Records from a data source:
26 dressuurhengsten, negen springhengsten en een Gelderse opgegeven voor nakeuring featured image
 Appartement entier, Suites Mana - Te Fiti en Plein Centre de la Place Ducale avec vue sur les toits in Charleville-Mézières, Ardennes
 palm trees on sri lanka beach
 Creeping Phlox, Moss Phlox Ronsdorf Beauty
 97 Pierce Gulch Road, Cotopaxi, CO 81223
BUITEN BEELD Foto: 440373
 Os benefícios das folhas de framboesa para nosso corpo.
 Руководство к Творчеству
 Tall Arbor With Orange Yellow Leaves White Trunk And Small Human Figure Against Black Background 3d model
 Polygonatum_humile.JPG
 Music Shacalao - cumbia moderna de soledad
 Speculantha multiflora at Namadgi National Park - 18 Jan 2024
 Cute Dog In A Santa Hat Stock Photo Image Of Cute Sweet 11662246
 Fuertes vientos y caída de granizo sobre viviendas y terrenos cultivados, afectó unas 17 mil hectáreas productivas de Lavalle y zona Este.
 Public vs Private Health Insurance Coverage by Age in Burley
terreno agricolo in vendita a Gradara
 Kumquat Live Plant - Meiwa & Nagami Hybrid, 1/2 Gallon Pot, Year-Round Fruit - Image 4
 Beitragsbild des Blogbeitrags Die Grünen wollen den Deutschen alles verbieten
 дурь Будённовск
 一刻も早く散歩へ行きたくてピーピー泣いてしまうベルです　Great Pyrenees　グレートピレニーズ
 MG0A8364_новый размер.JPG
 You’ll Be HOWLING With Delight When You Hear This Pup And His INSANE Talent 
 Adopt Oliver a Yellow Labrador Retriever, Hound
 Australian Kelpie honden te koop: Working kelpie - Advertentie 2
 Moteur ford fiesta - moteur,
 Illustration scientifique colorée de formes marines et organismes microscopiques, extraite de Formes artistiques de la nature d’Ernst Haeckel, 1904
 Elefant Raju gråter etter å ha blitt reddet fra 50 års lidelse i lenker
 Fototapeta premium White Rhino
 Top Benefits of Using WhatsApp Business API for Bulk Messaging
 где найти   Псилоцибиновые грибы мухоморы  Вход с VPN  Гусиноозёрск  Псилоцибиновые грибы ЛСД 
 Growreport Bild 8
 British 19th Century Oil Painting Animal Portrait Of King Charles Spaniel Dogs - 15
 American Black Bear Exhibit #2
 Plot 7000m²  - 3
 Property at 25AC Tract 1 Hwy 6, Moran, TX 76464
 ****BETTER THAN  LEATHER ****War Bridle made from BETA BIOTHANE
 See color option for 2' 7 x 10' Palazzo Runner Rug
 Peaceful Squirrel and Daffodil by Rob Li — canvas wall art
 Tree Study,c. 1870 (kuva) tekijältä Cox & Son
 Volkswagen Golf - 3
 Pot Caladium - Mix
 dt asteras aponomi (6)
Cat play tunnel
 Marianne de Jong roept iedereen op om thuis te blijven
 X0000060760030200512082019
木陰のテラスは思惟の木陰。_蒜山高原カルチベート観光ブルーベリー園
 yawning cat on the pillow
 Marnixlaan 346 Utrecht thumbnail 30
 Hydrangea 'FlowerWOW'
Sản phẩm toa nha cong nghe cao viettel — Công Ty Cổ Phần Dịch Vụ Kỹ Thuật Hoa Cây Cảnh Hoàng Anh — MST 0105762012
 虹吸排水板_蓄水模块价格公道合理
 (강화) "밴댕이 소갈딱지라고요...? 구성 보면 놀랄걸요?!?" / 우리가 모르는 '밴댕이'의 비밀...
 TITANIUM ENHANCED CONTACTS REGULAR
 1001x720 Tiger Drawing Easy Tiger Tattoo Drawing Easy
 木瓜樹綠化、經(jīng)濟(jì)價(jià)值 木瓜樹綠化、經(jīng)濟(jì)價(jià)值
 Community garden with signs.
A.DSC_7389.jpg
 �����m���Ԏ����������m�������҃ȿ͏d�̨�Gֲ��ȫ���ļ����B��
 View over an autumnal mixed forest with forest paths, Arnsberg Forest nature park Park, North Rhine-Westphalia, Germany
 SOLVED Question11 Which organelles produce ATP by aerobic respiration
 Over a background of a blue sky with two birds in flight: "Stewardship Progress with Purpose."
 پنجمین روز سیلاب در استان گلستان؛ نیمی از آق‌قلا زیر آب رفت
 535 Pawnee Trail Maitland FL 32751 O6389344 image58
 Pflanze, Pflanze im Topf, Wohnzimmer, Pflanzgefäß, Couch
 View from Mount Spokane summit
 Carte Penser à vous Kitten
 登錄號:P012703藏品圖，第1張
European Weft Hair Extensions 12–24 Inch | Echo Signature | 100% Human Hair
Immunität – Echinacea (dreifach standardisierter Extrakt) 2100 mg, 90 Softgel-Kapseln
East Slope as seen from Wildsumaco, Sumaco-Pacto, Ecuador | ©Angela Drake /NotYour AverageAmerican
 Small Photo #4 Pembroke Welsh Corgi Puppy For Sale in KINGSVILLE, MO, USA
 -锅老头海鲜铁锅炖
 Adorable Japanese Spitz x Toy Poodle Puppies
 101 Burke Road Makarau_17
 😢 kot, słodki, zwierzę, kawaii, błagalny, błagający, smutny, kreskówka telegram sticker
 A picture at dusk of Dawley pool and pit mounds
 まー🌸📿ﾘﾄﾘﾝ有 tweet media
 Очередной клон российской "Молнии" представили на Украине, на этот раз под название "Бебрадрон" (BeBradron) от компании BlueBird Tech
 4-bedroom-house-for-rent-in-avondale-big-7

▶ [INSTRUCTIONS FOR THE TASK]
All entries above are to be reproduced exactly.

▶ [EXPECTED ANSWER]
26 dressuurhengsten, negen springhengsten en een Gelderse opgegeven voor nakeuring featured image
 Appartement entier, Suites Mana - Te Fiti en Plein Centre de la Place Ducale avec vue sur les toits in Charleville-Mézières, Ardennes
 palm trees on sri lanka beach
 Creeping Phlox, Moss Phlox Ronsdorf Beauty
 97 Pierce Gulch Road, Cotopaxi, CO 81223
BUITEN BEELD Foto: 440373
 Os benefícios das folhas de framboesa para nosso corpo.
 Руководство к Творчеству
 Tall Arbor With Orange Yellow Leaves White Trunk And Small Human Figure Against Black Background 3d model
 Polygonatum_humile.JPG
 Music Shacalao - cumbia moderna de soledad
 Speculantha multiflora at Namadgi National Park - 18 Jan 2024
 Cute Dog In A Santa Hat Stock Photo Image Of Cute Sweet 11662246
 Fuertes vientos y caída de granizo sobre viviendas y terrenos cultivados, afectó unas 17 mil hectáreas productivas de Lavalle y zona Este.
 Public vs Private Health Insurance Coverage by Age in Burley
terreno agricolo in vendita a Gradara
 Kumquat Live Plant - Meiwa & Nagami Hybrid, 1/2 Gallon Pot, Year-Round Fruit - Image 4
 Beitragsbild des Blogbeitrags Die Grünen wollen den Deutschen alles verbieten
 дурь Будённовск
 一刻も早く散歩へ行きたくてピーピー泣いてしまうベルです　Great Pyrenees　グレートピレニーズ
 MG0A8364_новый размер.JPG
 You’ll Be HOWLING With Delight When You Hear This Pup And His INSANE Talent 
 Adopt Oliver a Yellow Labrador Retriever, Hound
 Australian Kelpie honden te koop: Working kelpie - Advertentie 2
 Moteur ford fiesta - moteur,
 Illustration scientifique colorée de formes marines et organismes microscopiques, extraite de Formes artistiques de la nature d’Ernst Haeckel, 1904
 Elefant Raju gråter etter å ha blitt reddet fra 50 års lidelse i lenker
 Fototapeta premium White Rhino
 Top Benefits of Using WhatsApp Business API for Bulk Messaging
 где найти   Псилоцибиновые грибы мухоморы  Вход с VPN  Гусиноозёрск  Псилоцибиновые грибы ЛСД 
 Growreport Bild 8
 British 19th Century Oil Painting Animal Portrait Of King Charles Spaniel Dogs - 15
 American Black Bear Exhibit #2
 Plot 7000m²  - 3
 Property at 25AC Tract 1 Hwy 6, Moran, TX 76464
 ****BETTER THAN  LEATHER ****War Bridle made from BETA BIOTHANE
 See color option for 2' 7 x 10' Palazzo Runner Rug
 Peaceful Squirrel and Daffodil by Rob Li — canvas wall art
 Tree Study,c. 1870 (kuva) tekijältä Cox & Son
 Volkswagen Golf - 3
 Pot Caladium - Mix
 dt asteras aponomi (6)
Cat play tunnel
 Marianne de Jong roept iedereen op om thuis te blijven
 X0000060760030200512082019
木陰のテラスは思惟の木陰。_蒜山高原カルチベート観光ブルーベリー園
 yawning cat on the pillow
 Marnixlaan 346 Utrecht thumbnail 30
 Hydrangea 'FlowerWOW'
Sản phẩm toa nha cong nghe cao viettel — Công Ty Cổ Phần Dịch Vụ Kỹ Thuật Hoa Cây Cảnh Hoàng Anh — MST 0105762012
 虹吸排水板_蓄水模块价格公道合理
 (강화) "밴댕이 소갈딱지라고요...? 구성 보면 놀랄걸요?!?" / 우리가 모르는 '밴댕이'의 비밀...
 TITANIUM ENHANCED CONTACTS REGULAR
 1001x720 Tiger Drawing Easy Tiger Tattoo Drawing Easy
 木瓜樹綠化、經(jīng)濟(jì)價(jià)值 木瓜樹綠化、經(jīng)濟(jì)價(jià)值
 Community garden with signs.
A.DSC_7389.jpg
 �����m���Ԏ����������m�������҃ȿ͏d�̨�Gֲ��ȫ���ļ����B��
 View over an autumnal mixed forest with forest paths, Arnsberg Forest nature park Park, North Rhine-Westphalia, Germany
 SOLVED Question11 Which organelles produce ATP by aerobic respiration
 Over a background of a blue sky with two birds in flight: "Stewardship Progress with Purpose."
 پنجمین روز سیلاب در استان گلستان؛ نیمی از آق‌قلا زیر آب رفت
 535 Pawnee Trail Maitland FL 32751 O6389344 image58
 Pflanze, Pflanze im Topf, Wohnzimmer, Pflanzgefäß, Couch
 View from Mount Spokane summit
 Carte Penser à vous Kitten
 登錄號:P012703藏品圖，第1張
European Weft Hair Extensions 12–24 Inch | Echo Signature | 100% Human Hair
Immunität – Echinacea (dreifach standardisierter Extrakt) 2100 mg, 90 Softgel-Kapseln
East Slope as seen from Wildsumaco, Sumaco-Pacto, Ecuador | ©Angela Drake /NotYour AverageAmerican
 Small Photo #4 Pembroke Welsh Corgi Puppy For Sale in KINGSVILLE, MO, USA
 -锅老头海鲜铁锅炖
 Adorable Japanese Spitz x Toy Poodle Puppies
 101 Burke Road Makarau_17
 😢 kot, słodki, zwierzę, kawaii, błagalny, błagający, smutny, kreskówka telegram sticker
 A picture at dusk of Dawley pool and pit mounds
 まー🌸📿ﾘﾄﾘﾝ有 tweet media
 Очередной клон российской "Молнии" представили на Украине, на этот раз под название "Бебрадрон" (BeBradron) от компании BlueBird Tech
 4-bedroom-house-for-rent-in-avondale-big-7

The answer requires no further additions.